Al Jazeera's Abdel-Hamid said the second day of the offensive involved "more consolidation" of the positions gained on Monday.
"There has been some little gains today, and not as formidable as the ones we have seen yesterday, mainly to the west of Erbil," she said.
Abdel-Hamid said that Peshmerga fighters had to avoid main roads, taking instead the dirt paths to avoid explosives.
"So every village they will go through, even if the ISIL fighters have already left, it takes them a while to get in," she said, adding that the clearing would take some time.
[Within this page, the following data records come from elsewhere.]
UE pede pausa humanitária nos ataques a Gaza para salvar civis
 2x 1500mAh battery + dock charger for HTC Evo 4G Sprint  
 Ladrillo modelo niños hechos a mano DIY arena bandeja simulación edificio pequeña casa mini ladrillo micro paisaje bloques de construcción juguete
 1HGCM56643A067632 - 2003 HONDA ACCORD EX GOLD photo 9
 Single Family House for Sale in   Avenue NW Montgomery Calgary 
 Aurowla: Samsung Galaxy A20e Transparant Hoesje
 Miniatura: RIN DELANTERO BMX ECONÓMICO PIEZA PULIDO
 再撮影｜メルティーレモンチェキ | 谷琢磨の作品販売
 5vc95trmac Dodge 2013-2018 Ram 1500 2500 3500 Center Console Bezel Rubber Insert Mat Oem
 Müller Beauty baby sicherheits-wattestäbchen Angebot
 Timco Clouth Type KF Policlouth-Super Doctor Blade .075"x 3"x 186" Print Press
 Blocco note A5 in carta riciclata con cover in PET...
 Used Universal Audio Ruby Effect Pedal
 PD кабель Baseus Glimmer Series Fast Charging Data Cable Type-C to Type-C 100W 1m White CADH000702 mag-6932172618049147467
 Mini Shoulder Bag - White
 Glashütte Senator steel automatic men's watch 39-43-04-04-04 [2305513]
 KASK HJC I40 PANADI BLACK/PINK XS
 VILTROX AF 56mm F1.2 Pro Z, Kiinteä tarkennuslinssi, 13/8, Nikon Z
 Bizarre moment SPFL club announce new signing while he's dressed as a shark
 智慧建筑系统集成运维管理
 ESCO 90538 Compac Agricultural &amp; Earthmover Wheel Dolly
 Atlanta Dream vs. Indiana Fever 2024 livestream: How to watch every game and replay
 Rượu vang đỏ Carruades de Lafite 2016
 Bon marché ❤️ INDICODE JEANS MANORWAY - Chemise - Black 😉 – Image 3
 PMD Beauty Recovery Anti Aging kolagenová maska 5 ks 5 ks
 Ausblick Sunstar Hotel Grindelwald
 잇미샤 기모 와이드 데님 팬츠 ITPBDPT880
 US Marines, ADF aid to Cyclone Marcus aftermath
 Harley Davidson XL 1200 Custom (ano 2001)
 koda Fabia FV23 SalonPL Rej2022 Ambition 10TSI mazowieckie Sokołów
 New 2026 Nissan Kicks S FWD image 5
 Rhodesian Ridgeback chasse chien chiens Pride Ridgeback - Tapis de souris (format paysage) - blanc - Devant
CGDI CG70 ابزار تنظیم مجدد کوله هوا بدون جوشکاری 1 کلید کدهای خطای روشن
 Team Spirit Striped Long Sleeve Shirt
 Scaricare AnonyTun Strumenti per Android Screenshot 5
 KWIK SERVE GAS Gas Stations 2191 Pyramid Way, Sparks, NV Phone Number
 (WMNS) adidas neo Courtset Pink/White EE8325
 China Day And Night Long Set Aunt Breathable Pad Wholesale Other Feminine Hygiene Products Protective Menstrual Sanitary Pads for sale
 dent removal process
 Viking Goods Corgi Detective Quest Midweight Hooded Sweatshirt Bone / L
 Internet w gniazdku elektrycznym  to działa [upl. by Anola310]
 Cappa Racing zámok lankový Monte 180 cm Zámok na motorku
"ISIL were on those villages for more than two years, and were ruling those villages. They had a lot of time to set all their booby traps, so it's going to be extremely difficult."
Bartella, another town on the way to Mosul, was still under ISIL control, our correspondent said.
Two main fronts
There are two main fronts the allied forces are pushing from: one from the south in Qayyarah, and another in the east, where another offensive involving Kurdish Peshmerga fighters is under way.
In the south, forces inching forward along the River Tigris were aiming for the village of Hammam al-Alil, while units east of Mosul were close to Qaraqosh, once Iraq's biggest Christian town.
Advancing in armored convoys across the dusty plains surrounding Mosul, and backed by intensive aerial bombardment, the advancing forces moved into villages defended by pockets of ISIL fighters.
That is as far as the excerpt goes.